Analysis and solution:

This is [EDAC (Error Detection AndCorrection] (https://www.kernel.org/doc/Documentation/edac.txt) logs.

CE Error Correctable Error is referred to, in addition to UE (Uncorrectable Error)

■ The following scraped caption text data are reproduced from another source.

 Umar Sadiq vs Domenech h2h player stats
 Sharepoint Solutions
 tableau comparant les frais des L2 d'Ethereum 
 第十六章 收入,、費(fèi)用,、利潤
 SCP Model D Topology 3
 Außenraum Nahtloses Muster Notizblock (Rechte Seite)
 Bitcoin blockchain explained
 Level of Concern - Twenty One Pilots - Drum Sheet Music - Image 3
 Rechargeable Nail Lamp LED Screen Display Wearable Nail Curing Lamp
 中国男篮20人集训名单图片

According to the above documents, identify errors DIMM:

[root @ the Customer log] # grep "[0-9]" / SYS / Devices / System / EDAC / MC / MC * / csrow * / * CH _ce_count
/ Sys / devices / system / edac / mc / mc0 / csrow0 / ch0_ce_count: 0
/ Sys / devices / system / edac / mc / mc0 / csrow0 / ch1_ce_count: 0
/ Sys / devices / system / edac / mc / mc0 / csrow0 / ch2_ce_count: 0
/ Sys / devices / system / edac / mc / mc0 / csrow1 / ch0_ce_count: 0
/ Sys / devices / system / edac / mc / mc0 / csrow1 / ch1_ce_count: 0
/ Sys / devices / system / edac / mc / mc0 / csrow1 / ch2_ce_count: 0
/ Sys / devices / system / edac / mc / mc1 / csrow0 / ch0_ce_count: 0
/ Sys / devices / system / edac / mc / mc1 / csrow0 / ch1_ce_count: 0
/ Sys / devices / system / edac / mc / mc1 / csrow0 / ch2_ce_count: 0
/ Sys / devices / system / edac / mc / mc1 / csrow1 / ch0_ce_count: 0
/ Sys / devices / system / edac / mc / mc1 / csrow1 / ch1_ce_count: 0
/ Sys / devices / system / edac / mc / mc1 / csrow1 / ch2_ce_count: 554836518

Found errors in /mc1/csrow1/ch2, according to the chart:

       Channel 0 Channel 1
===================================
csrow0 | DIMM_A0 | DIMM_B0 |
csrow1 | DIMM_A0 | DIMM_B0 |
===================================
===================================
csrow2 | DIMM_A1 | DIMM_B1 |
csrow3 | DIMM_A1 | DIMM_B1 |
===================================

From dmidecode info:

[Root @ customer log] # dmidecode -t memory | grep 'Locator: DIMM'
       Locator: DIMM_D0
       Locator: DIMM_D1
       Locator: DIMM_E0
       Locator: DIMM_E1
       Locator: DIMM_F0
       Locator: DIMM_F1
       Locator: DIMM_A0
       Locator: DIMM_A1
       Locator: DIMM_B0
       Locator: DIMM_B1
       Locator: DIMM_C0
       Locator: DIMM_C1

From server console to find the memory info: 

Memory slot on the motherboard of distribution: 

Combined error log: kernel: EDAC MC1: 16107 CE error on CPU # 1Channel #2_DIMM # 1 (channel: 2slot: 1 DIMM_F1 memory slots should be a problem.

Solution: Finally, what we need to do is to replace F1 memory slot, after the system reboot the memory issue is no longer happening.